Mutual structure learning for multiple kernel clustering

Abstract

Multiple kernel clustering (MKC) has garnered considerable attention in recent years, aiming to obtain an optimal partition from multiple base kernels. Existing MKC methods typically focus on either learning the pairwise structure by constructing an optimal kernel from the base kernels or learning the cluster structure by integrating multiple base partitions into a consensus one for clustering. However, these previous approaches overlook the potential for mutual structure learning between the two aspects, i.e., pairwise and cluster structure, of clustering. To address this limitation, we propose a novel multiple kernel clustering method, referred to as MSL-MKC, which simultaneously learns pairwise and cluster structure to achieve an improved consensus partition matrix for clustering. Specifically, MSL-MKC extends the adaptive neighbor graph learning approach into kernel space to construct a discriminative similarity graph from multiple base kernels for pairwise structure learning.
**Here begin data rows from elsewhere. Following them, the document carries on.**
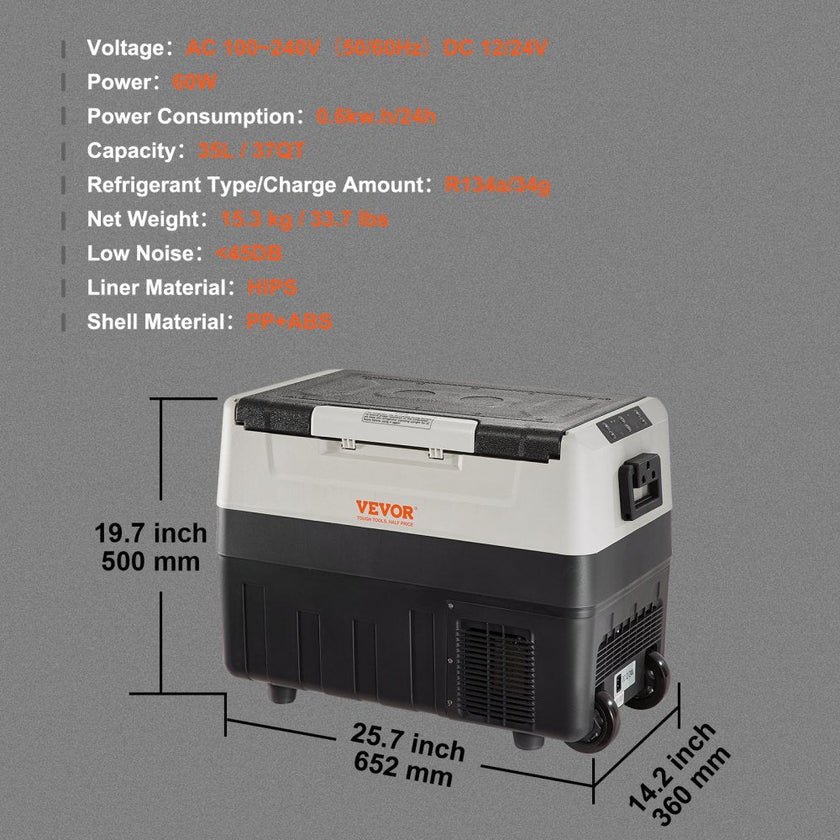 VEVOR Car Refrigerator, 12 Volt Car Refrigerator Fridge, 37 QT/35 L Dual Zone Portable Freezer, -4?-50? Adjustable Range, 12/24V DC and 100-240V AC Compressor Cooler for Outdoor, Camping, Travel, RV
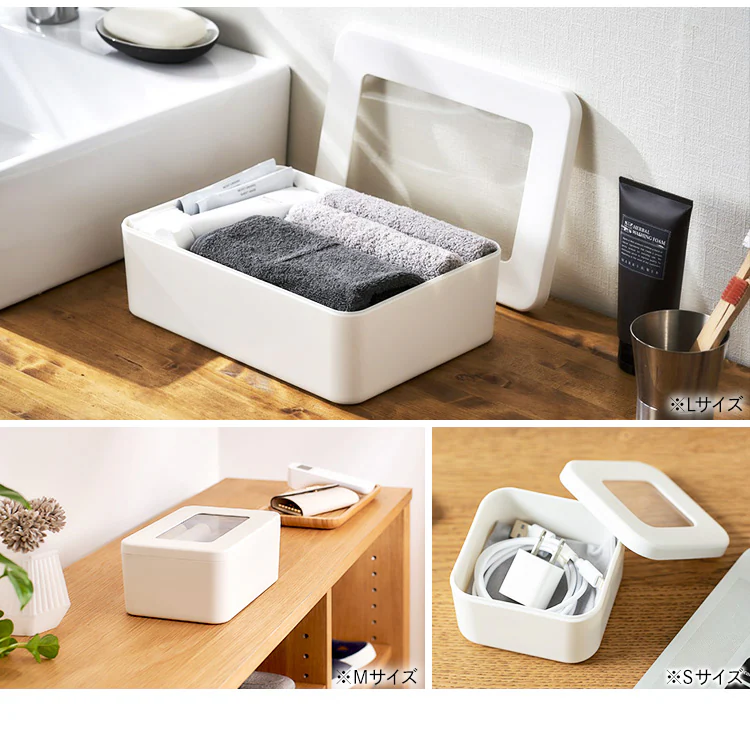 【3サイズ4個セット】フタ窓付き収納ケース Sサイズ1個+Mサイズ2個+Lサイズ1個6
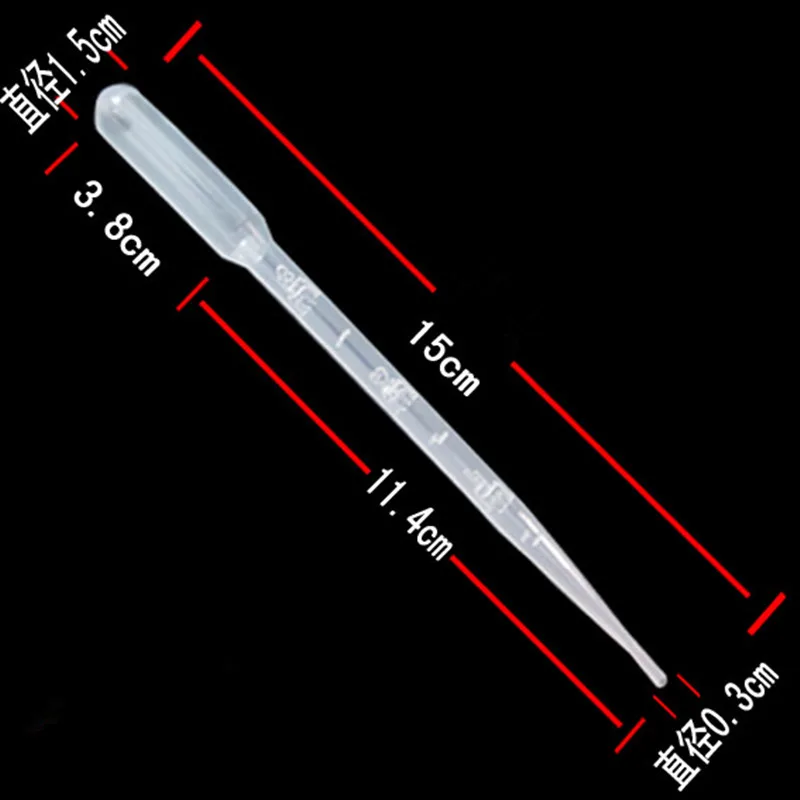

100 шт 1 мл 2 мл 3 мл прозрачные пипетки Одноразовые безопасные пластиковые капельницы Градуированные пипетки для лабораторных экспериментов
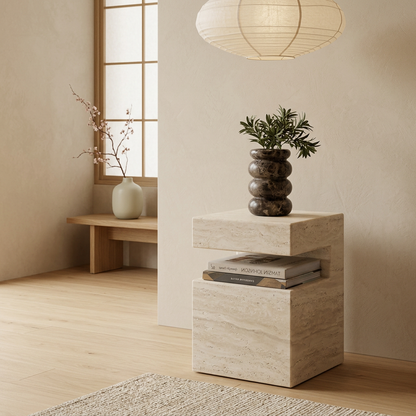 Détail travertin naturel — Table japandi | Maison Japandi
The consensus partition is formulated by aligning it with multiple base partitions for cluster structure learning. We utilize a Laplacian regularization term to preserve the pairwise structure in the consensus partition and inject the cluster structure into the discriminative similarity graph. The proposed method integrates similarity graph learning, partition fusion, and Laplacian regularization into a unified framework, optimized using an iterative algorithm. Experimental results on various benchmark datasets demonstrate the efficacy of MSL-MKC. The demo code of this work is publicly available at https://github.com/guanyuezhen/MSL-MKC.